Filled with photos of sofas, drawings, designs, plans and minute details on thousands of products, this file is what’s known as a “schedule” in the interior design and architecture industries. Designers use these schedules to plan projects, seek client approvals, execute purchases, and capture details on the materials, dimensions, wholesale prices, markups, supplier information and photos for each door handle, couch foot, ceiling light and carpet square. Imagine a design project for a hotel, office building or university, and you can understand how Excel files buckle under the weight of the data captured. And that’s before even considering version control as files are sent between designers, consumers, and suppliers.

These schedules were the inspiration for the creation of Programa.

As co-founder Traviss Orr watched co-founder Zoe Lowres cobble schedules together in Excel on the weekends while trying to run her interior design projects, they knew there had to be a better way. Zoe, and designers and architects alike, typically spend tens of hours a week stuck in these schedules working on the administrative side of their businesses, leaving little time for the creative work that attracted them to the industry.

The third co-founder, Claudio Oyarce, came to the business having previously owned Denfair, Australia’s largest interior design, architecture and furniture trade show. Claudio deeply understood the architecture and design industry, and in particular, the challenges of streamlining the connection between designers and suppliers. The co-founders’ combined set of skills and deep industry experience proved an excellent foundation for the growth to come.

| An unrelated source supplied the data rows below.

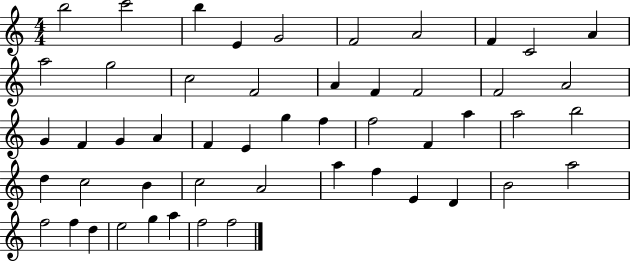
{
  \clef treble
  \numericTimeSignature
  \time 4/4
  \key c \major
  b''2 c'''2 | b''4 e'4 g'2 | f'2 a'2 | f'4 c'2 a'4 | \break a''2 g''2 | c''2 f'2 | a'4 f'4 f'2 | f'2 a'2 | \break g'4 f'4 g'4 a'4 | f'4 e'4 g''4 f''4 | f''2 f'4 a''4 | a''2 b''2 | \break d''4 c''2 b'4 | c''2 a'2 | a''4 f''4 e'4 d'4 | b'2 a''2 | \break f''2 f''4 d''4 | e''2 g''4 a''4 | f''2 f''2 | \bar "|."
}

Together they’ve built software by designers, for designers, representing the epitome of the “spreadsheet to cloud” software transition some thousands of founders have talked us through at EVP. Alongside workflow software for designers (think specification, purchasing, mood boards, product approvals, time sheets, requests for quote, purchase orders), the business is now rolling-out solutions to connect and digitise the industry from end-to-end; from brand, to designer, to client. Bringing designers and brands together under unified software, Programa is looking to not just bring existing ways of working online, but fundamentally change the way the industry operates.

And the reception from the market has been phenomenal.

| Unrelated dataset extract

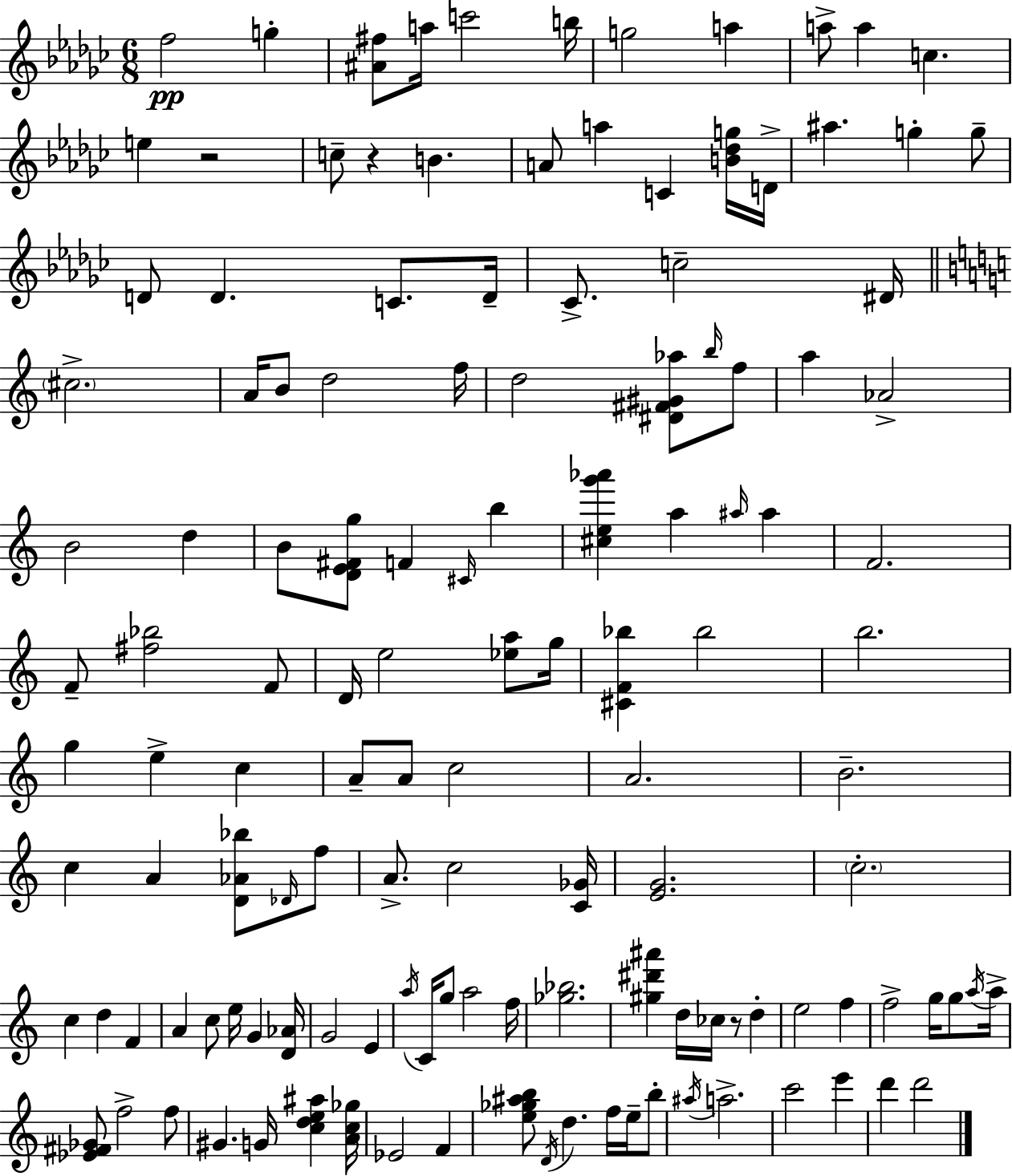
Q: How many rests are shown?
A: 3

Having launched in September 2021, several thousand design studios in more than 70 countries have come to trust Programa to manage their projects; from small apartment renovations, homes, apartments buildings, office towers, restaurants and universities, through to luxury yachts and private jets. Designers desperate for a solution to the spreadsheet woes are enthusiastically referring Programa throughout industry Facebook groups globally. Users are literally begging their colleagues to join the Programa revolution.

Impressively, the business continues to grow 15-20% per month. With billions of dollars worth of products already being specified inside Programa’s software and millions of dollars of purchase orders being sent every month, brands are seeing the future and are clamoring to onboard. These brands are joyfully embracing the future of product specification. They’re moving beyond magazine advertising and video house tours, and ending the endless cycles of replying to spreadsheets with even more spreadsheets.

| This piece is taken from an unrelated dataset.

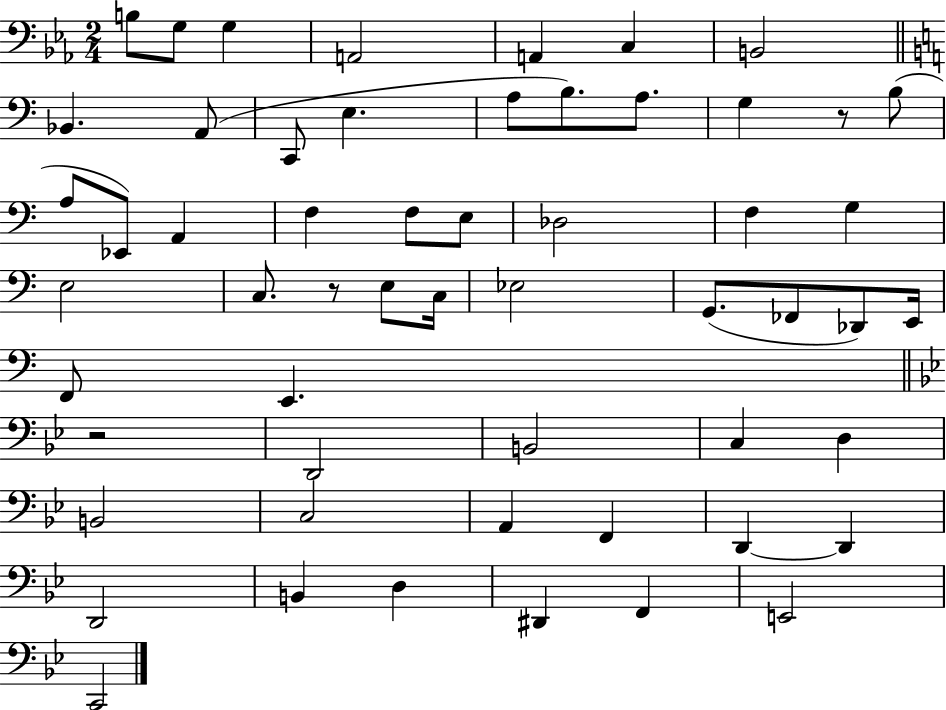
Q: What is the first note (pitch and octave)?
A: B3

We’re often asked what product-market-fit looks like. Some have taken a numerical approach, while some point to anecdotes of customers so in love with their software provider that they send them cakes and poems as they do at Hnry. For Programa, it was a little more simple. On the one side, we had explosive designer growth driven by exceptional referral rates and influencers voluntarily sharing the product with their followers. On the other side, we saw some 200 brands sign up, pay and renew just to be at the front of the queue as the product was developed, with mounting pressure from their designer clients. When we also had international brands calling the Programa team unprompted to sign up without even a dedicated landing page, we knew we were onto something special.

This combination of a powerful call to market, top founder-market fit and a disruptive vision to improve an industry was irresistible. And that’s why we invested in Programa.

Thank you team Programa for having us along for the ride.